Sunday, January 24, 2010

Systemic rot setting in

"Everyone has a right to be stupid but some misuse this privilege" And I certainly seem to be misusing this a lot off late.

I have not written for quite sometime apparently not written since Muhammad Kaif scored a double century in tests or since Mamta Kulkarni won a national award for acting ( Not sure if either of this ever took place). But now I am coming to point as to what are so charming thoughts that are keeping me awake at this hour of midnight when most of the gentlemen on planet sleep peacefully preferably in their cosy homes.
With 20% MBA literally in the pocket and another 10% is work in progress, I am feeling lots of changes around in my class and in myself as well. ( time for heavy philosophy - outside augments the inside - marketing maha jargon).
During the orientation on May end, I interacted with some folks and saw a glint for something to be achieved which was nobler than posing on page 3 holding empty wine glass. The atmosphere in the I term was palpably different. People were still unearthing the IIM system and seeking their own fit in it. Soon things started to change. There came carrot of grading and thus began the journey of -know the system and .... it the way you want.

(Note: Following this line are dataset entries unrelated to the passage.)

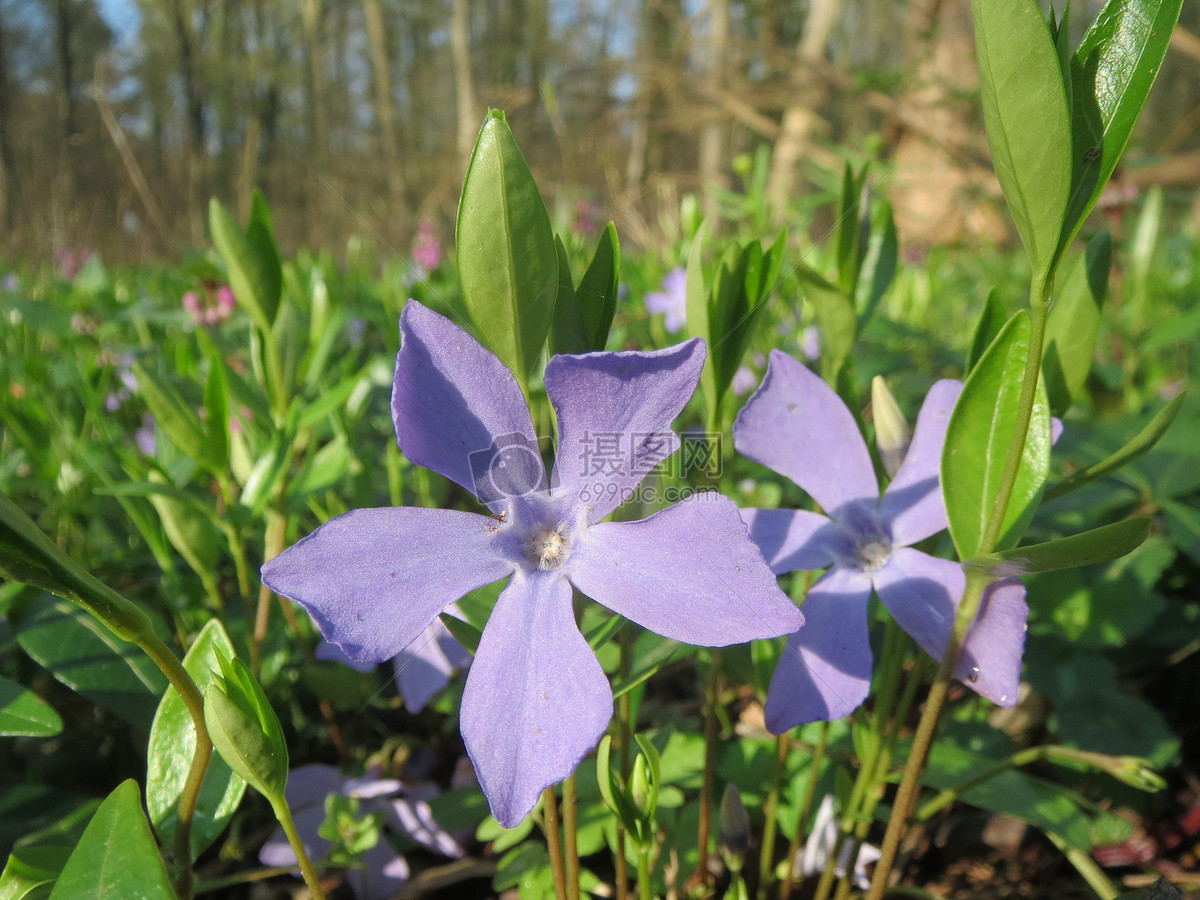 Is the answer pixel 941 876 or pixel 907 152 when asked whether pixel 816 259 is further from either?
pixel 907 152

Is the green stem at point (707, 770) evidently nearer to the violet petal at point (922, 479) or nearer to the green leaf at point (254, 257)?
the violet petal at point (922, 479)

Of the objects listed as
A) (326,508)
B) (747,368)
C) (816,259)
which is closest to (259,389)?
(326,508)

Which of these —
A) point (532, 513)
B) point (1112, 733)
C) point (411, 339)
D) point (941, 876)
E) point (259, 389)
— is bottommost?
point (941, 876)

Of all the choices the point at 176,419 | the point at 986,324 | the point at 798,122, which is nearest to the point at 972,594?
the point at 986,324

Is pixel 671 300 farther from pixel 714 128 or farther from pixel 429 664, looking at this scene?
pixel 714 128

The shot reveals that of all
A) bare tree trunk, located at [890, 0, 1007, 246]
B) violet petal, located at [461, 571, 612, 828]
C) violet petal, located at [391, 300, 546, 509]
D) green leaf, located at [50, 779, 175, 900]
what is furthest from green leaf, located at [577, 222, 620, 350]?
bare tree trunk, located at [890, 0, 1007, 246]

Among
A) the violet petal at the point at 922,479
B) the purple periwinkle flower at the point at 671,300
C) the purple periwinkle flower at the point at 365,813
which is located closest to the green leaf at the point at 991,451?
the violet petal at the point at 922,479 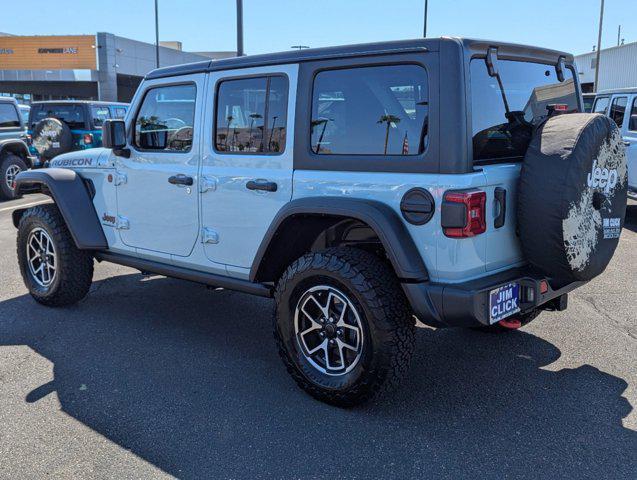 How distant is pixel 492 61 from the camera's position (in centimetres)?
330

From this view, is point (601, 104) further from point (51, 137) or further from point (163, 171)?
point (51, 137)

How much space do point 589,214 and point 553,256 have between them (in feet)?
1.16

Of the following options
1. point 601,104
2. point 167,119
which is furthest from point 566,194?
point 601,104

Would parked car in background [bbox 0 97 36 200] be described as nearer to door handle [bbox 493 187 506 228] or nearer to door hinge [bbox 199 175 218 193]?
door hinge [bbox 199 175 218 193]

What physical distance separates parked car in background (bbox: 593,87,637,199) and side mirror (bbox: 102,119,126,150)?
7650 mm

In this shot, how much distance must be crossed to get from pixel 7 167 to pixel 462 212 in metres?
11.6

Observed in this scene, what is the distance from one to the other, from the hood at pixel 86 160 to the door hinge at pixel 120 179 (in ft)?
0.54

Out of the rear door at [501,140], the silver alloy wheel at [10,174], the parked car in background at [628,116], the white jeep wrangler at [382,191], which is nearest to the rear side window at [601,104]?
the parked car in background at [628,116]

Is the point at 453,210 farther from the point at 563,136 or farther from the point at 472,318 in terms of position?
the point at 563,136

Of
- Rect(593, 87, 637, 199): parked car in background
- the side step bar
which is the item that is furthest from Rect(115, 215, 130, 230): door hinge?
Rect(593, 87, 637, 199): parked car in background

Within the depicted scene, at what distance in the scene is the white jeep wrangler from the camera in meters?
3.06

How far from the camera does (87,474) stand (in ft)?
9.21

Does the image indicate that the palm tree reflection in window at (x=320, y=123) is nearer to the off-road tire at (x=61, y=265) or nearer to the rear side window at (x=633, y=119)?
the off-road tire at (x=61, y=265)

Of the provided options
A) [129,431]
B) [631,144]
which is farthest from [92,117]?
[129,431] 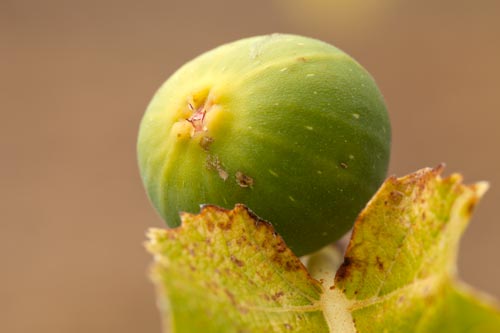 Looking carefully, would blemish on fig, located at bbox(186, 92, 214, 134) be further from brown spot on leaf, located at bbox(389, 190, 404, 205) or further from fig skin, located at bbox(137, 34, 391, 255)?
brown spot on leaf, located at bbox(389, 190, 404, 205)

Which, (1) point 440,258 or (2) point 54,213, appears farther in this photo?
(2) point 54,213

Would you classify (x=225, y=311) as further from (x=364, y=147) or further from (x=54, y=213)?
(x=54, y=213)

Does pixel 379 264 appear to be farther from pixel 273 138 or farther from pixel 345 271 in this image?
pixel 273 138

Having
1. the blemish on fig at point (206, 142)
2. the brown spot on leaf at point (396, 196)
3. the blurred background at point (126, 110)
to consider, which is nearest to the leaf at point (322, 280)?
the brown spot on leaf at point (396, 196)

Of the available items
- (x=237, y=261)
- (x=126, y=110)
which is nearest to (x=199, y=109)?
(x=237, y=261)

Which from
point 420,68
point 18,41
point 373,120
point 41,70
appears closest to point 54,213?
point 41,70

Personally for a simple subject like microeconomics - I read two text books ( approximately full), irrespective of syllabus and course etc, solved most of problems as if I am going to make a career out of the subject. And my grades were around 3.4, just about average. Then came Macroeconomics - This time I did not touch a line other than the one taught by teacher treating the other sections like untouchable and scored 3.81, not bad - better value for money I would say. This itself is an example of how self-defeating this is going to be. My result for I and II terms are quite opposite, much lesser the effort and much better the result.

I mean, I was never in the race, and thought to work, read the things for which I have joined this course. The gaps which I have felt, certainly not the marks.
Its not that I am being a saint or something or saying to hell with grades. No hell not, being placed in bottom in any setting can wreck the self-confidence sometimes. But the larger point is did I join this program for grades. If I make best of grades by dedicating all my effort to just maximize the marks, what will I achieve really? Will it be justice with myself?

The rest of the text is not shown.